How to complete this task: Reproduce the records word for word, apart from the images they contain.

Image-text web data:
= Beginning of Section =
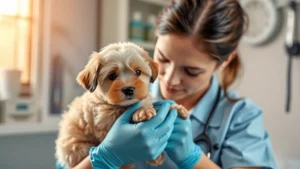 Professional dog breeder examining a small Maltipoo puppy during health check, veterinary clinic setting with medical equipment visible, warm natural lighting, breeder holding puppy gently showing care and expertise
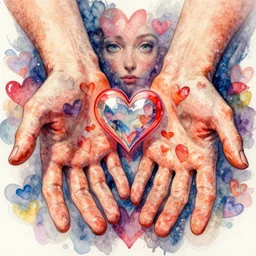 a beautiful insanely intricate watercolor illustration of two hands filled with hearts that reaches out to the observer, reflections, colorful, by william turner art, trending on artstation, insanely detailed, masterpiece,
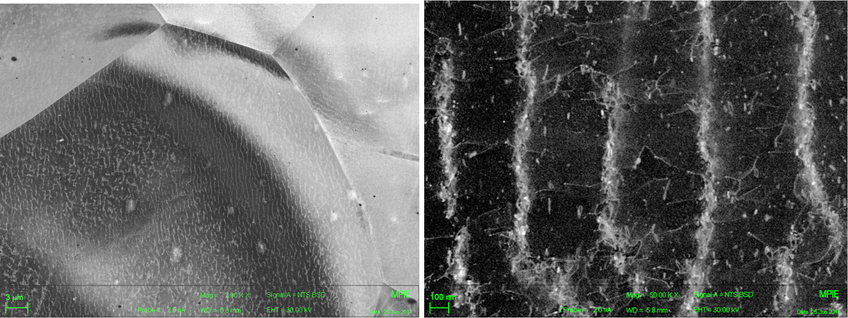Individual dislocations and dense dislocation walls in a Fe 3% Si alloy, fatigued by 180 cycles of cyclic loading of 0.5 % of strain. Collaboration with J. Bouquerel, ESCIL, Lille. Individual dislocations and dense dislocation walls in a Fe 3% Si alloy, fatigued by 180 cycles of cyclic loading of 0.5 % of strain. Collaboration with J. Bouquerel, ESCIL, Lille.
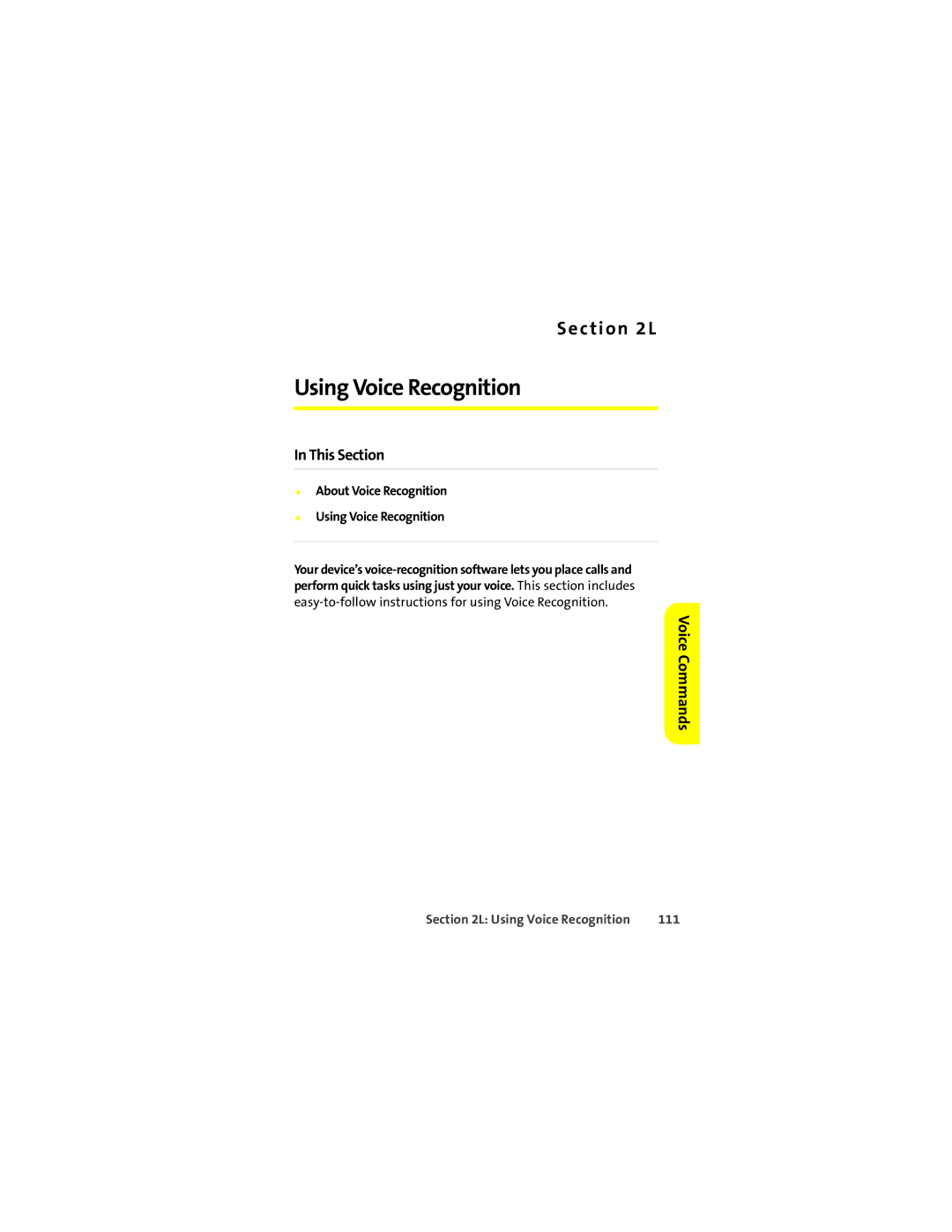 Motorola Q 9c manual Voice Commands, About Voice Recognition Using Voice Recognition, 111 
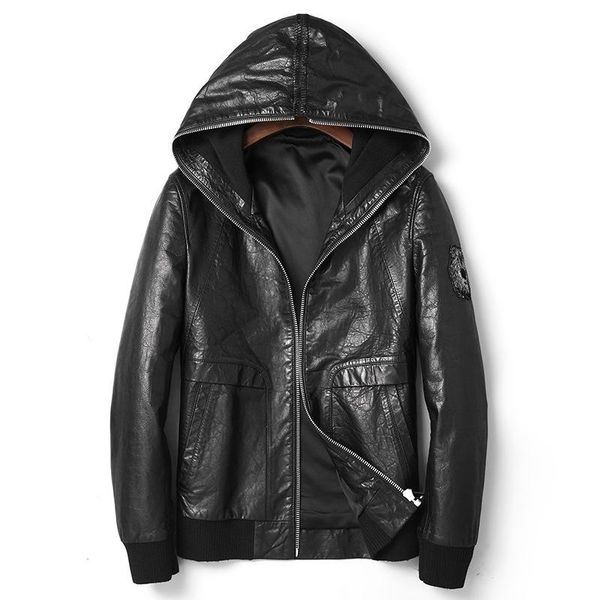 

men's leather & faux vintage genuine jacket men hooded 100% sheepskin coat autumn jackets dk8106 kj2416, Black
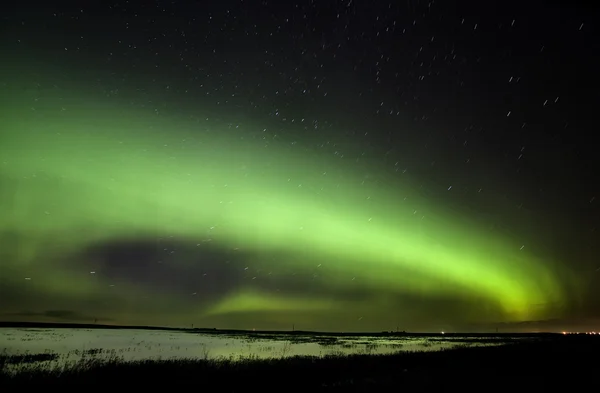 Kuzey ışıkları saskatchewan Kanada — Stok fotoğraf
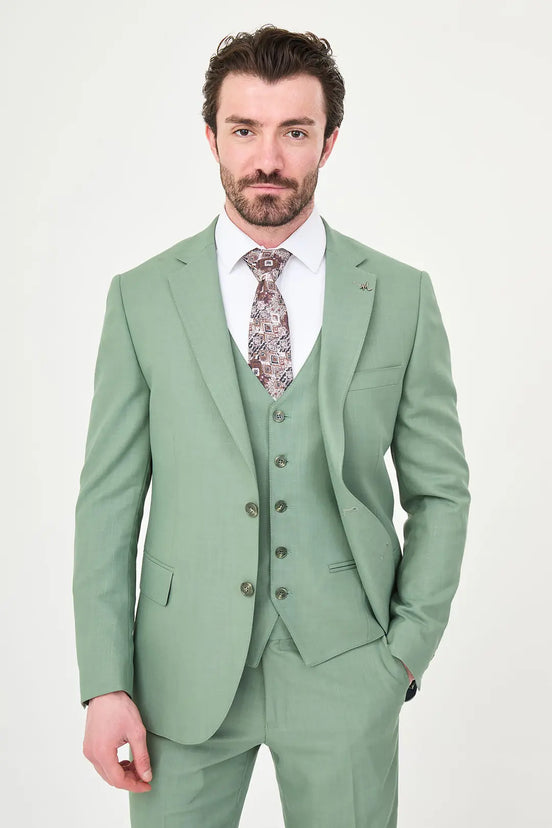 Sage Green Three-Piece Slim Fit Suit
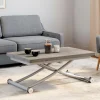 Table basse relevable en table à manger moderne avec plateau effet béton*IDMarket Hot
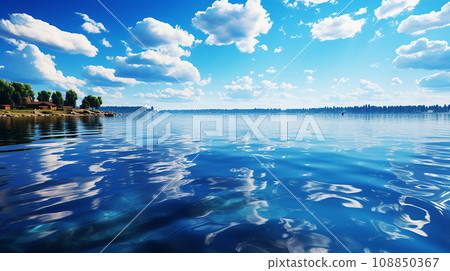 藍天倒映在湖面上 108850367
= End of Section =
Task response:
 Professional dog breeder examining a small Maltipoo puppy during health check, veterinary clinic setting with medical equipment visible, warm natural lighting, breeder holding puppy gently showing care and expertise
 a beautiful insanely intricate watercolor illustration of two hands filled with hearts that reaches out to the observer, reflections, colorful, by william turner art, trending on artstation, insanely detailed, masterpiece,
Individual dislocations and dense dislocation walls in a Fe 3% Si alloy, fatigued by 180 cycles of cyclic loading of 0.5 % of strain. Collaboration with J. Bouquerel, ESCIL, Lille. Individual dislocations and dense dislocation walls in a Fe 3% Si alloy, fatigued by 180 cycles of cyclic loading of 0.5 % of strain. Collaboration with J. Bouquerel, ESCIL, Lille.
 Motorola Q 9c manual Voice Commands, About Voice Recognition Using Voice Recognition, 111 

men's leather & faux vintage genuine jacket men hooded 100% sheepskin coat autumn jackets dk8106 kj2416, Black
 Kuzey ışıkları saskatchewan Kanada — Stok fotoğraf
 Sage Green Three-Piece Slim Fit Suit
 Table basse relevable en table à manger moderne avec plateau effet béton*IDMarket Hot
 藍天倒映在湖面上 108850367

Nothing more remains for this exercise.